As I have been researching Portsmouth farm heritage, I found that our farmers have come from a variety of experiences.  They were settler farmers who were originally tradesmen and merchants in England. “Gentleman farmers” with big estates came from business backgrounds in New York and cities.  Our Yankee farmers were the descendants of the settlers and they were pillars of the community.  Portuguese farmers came across the Atlantic to Portsmouth to continue their farming trade.  I came across another farm family, the Ayler family, whose road to Portsmouth was quite different.

Edward Ayler’s obituary (published in the Newport Mercury in June of 1935) provides some clues to understanding their lives.

“Edward Ayler, one of the oldest and best known citizens of Portsmouth, died last Friday at his home on Freeborn Street.”

Ayler Property on 1907 map

This first line tells us where Edward (and his father before him) lived – in the area of Portsmouth known as Cozy Corner.
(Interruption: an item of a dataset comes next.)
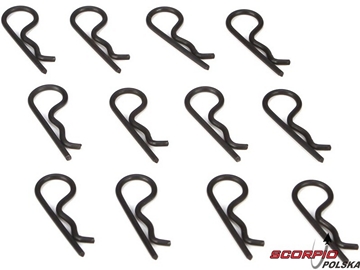 Body Clips. Black (12): 22 / TLR8202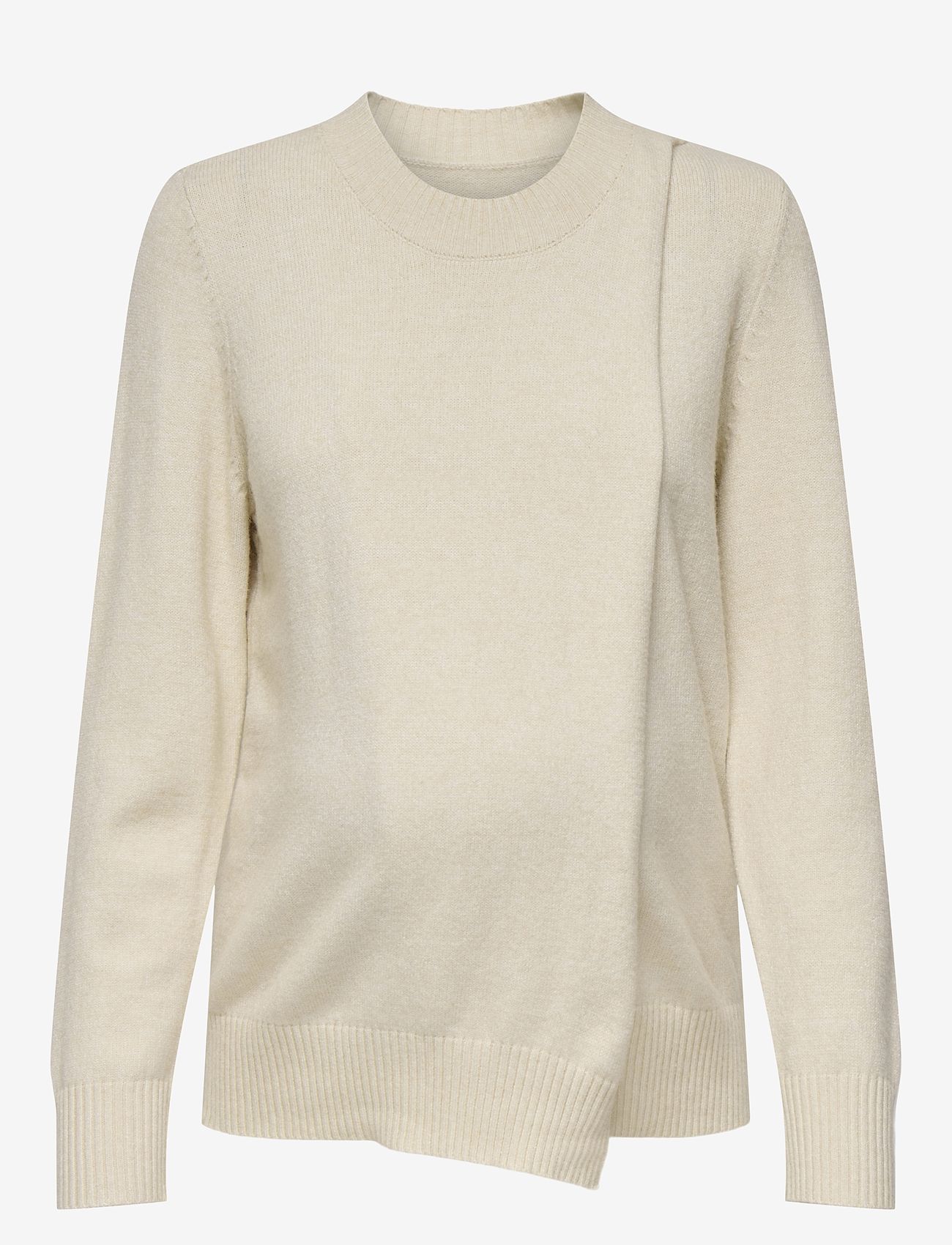 Only Maternity - OLMCAPUCINE LS O-NECK PULLOVER KNT - cloud dancer - 1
Edward was well known.

“He was the son of the late Morgan and Matilda Ayler, former slaves, who came from the South to Portsmouth after the Civil War.”

The last line of Edward’s obituary tells us that he lived a long life as a Portsmouth farmer.  “He was more than 80 years old and had been engaged in farming practically all his life.”

How did the Aylers settle in Portsmouth?  The obituary of Matilda Ayler’s sister gives us another clue.  The Newport Mercury 1926 article about the death of Mrs. Robert Scott said “She came to this town over 60 years ago from the South, when the late Joseph Macomber went there and returned with 16 slaves.”   I am still working on researching the others who came here with the Aylers and I will write more about these Portsmouth community members in a later article.

Morgan Robert Ayler was born in Virginia in 1825.  I will focus on his life in Portsmouth, but genealogical resources show him residing in Ohio and West Virginia on his way back to his native Virginia.  The  records of the U.S., Freedman’s Bank show his residence as Washington, D.C. in 1870.   Also in 1870, Morgan, his wife Matilda and three of his children are listed as residing on the farm of Joseph Macomber off East Main Road in Portsmouth.  Morgan is listed by his middle name of “Robert” and son Edward is listed as “Edmund,” but their ages correspond to the birth dates of Morgan and Edward.  The men are listed as being farm laborers.

An interesting Daily News article in 1879 tells us that Mr. Morgan Ayler is in charge of  Friend Macomber’s farm.  It seems that Morgan Ayler found thirty six small bottles of liquor – all in a row – in one of the fields.  Since Macomber was a “well known temperance man,” it was suggested that the bottles were left behind by “thirsty Providence folk” who came for the “great celebration” of the Battle of Rhode Island the year before.

By the 1880 U.S. census both Morgan and Edward are listed as farmers with land of their own.  Both men won awards for their produce at the local Agricultural Fair.   At age seventy-seven, farmer Morgan’s tomatoes were given awards in 1902.   In 1914 and 1918 Edward was winning awards for his potatoes, parsley, beans and lima beans.   The Aylers must have been well known as farmers because an 1890 newspaper ad uses a testimonial from Edward Ayler and his brother Robert – “In trial with other Fertilizers, E. Frank Coes’s Red Brand Excelsior Guano gave the best results.”

The Ayler family was very involved in Portsmouth activities.  Edward Ayler’s wife (Louise Jackson Ayler)  was active in the Woman’s Christian Temperance Union.  She often hosted meetings at her home.  She was active in the Friends Missionary Society.  The early generations of the Aylers were strong Quakers, but there seems to be a split among the third generation.  Edward’s sons Raymond and Emerson and daughter Alice Ayler Morris were known for their singing in the Friends Church before World War I.  During the war, however,  Raymond H. Ayler was commissioned as Second Lieutenant after having been drafted “with the colored boys” (Mercury, 9/13/18) while brother Osceola received a deferment because of his Quaker faith.  In the 1920s Raymond would be on the executive board of the American Legion along with William Vanderbilt and Bradford Norman.  L

Later generations of the Aylers would move on from Portsmouth.  Despite their difficult beginnings they became a vital part of the Portsmouth community.  The Ayler family is part of Portsmouth’s farm heritage.